DATA PROVIDED:
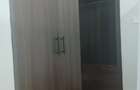 2 Bed House in Runda - 19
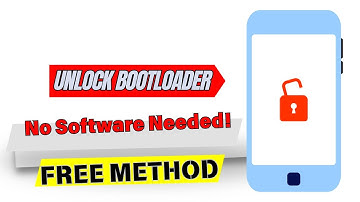How to Unlock Bootloader on LG Android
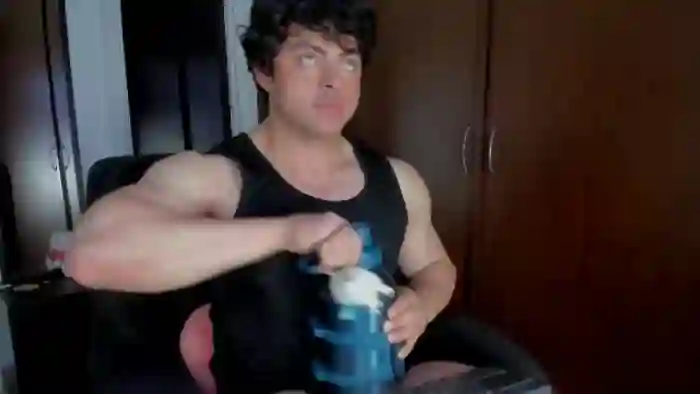 scott-milleer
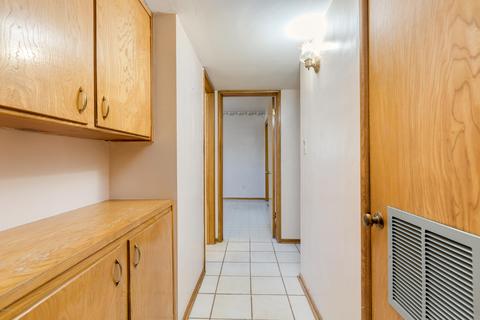2133 W Palmaire Ave, Phoenix, AZ 85021 photo 26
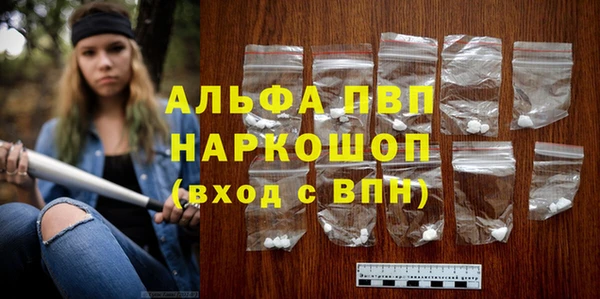 гидра Волоколамск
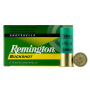 Remington Express 12 Gauge 2 75 9 Pellets 00 Buck 20620  Box 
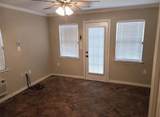 109 Palomino - Photo 35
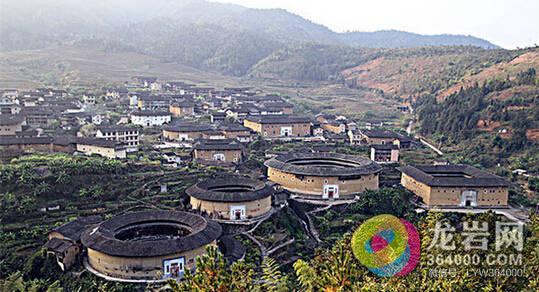 广东省内2-3天自驾游路线推荐 总有一条路你喜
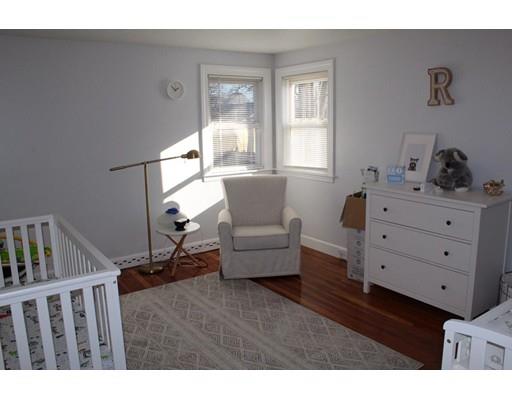 25 Dewitt Road Stoneham, MA 02180 - Photo 12 of 19 Gallery Image 12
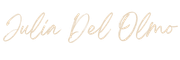 Julia Del Olmo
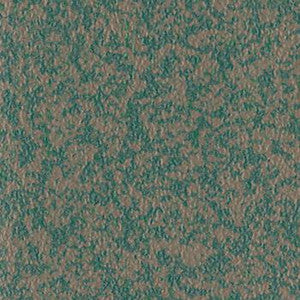 Tusk Urn Green by Naugahyde Designer Fabric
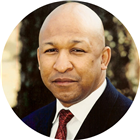 Dr. Jerome Canady, MD, FACS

EXERCISE DESCRIPTION: Without any pictures, print the whole listing again exactly as it stands.

SOLUTION TO THE EXERCISE:
 2 Bed House in Runda - 19
How to Unlock Bootloader on LG Android
 scott-milleer
2133 W Palmaire Ave, Phoenix, AZ 85021 photo 26
 гидра Волоколамск
 Remington Express 12 Gauge 2 75 9 Pellets 00 Buck 20620  Box 
 109 Palomino - Photo 35
 广东省内2-3天自驾游路线推荐 总有一条路你喜
 25 Dewitt Road Stoneham, MA 02180 - Photo 12 of 19 Gallery Image 12
 Julia Del Olmo
 Tusk Urn Green by Naugahyde Designer Fabric
 Dr. Jerome Canady, MD, FACS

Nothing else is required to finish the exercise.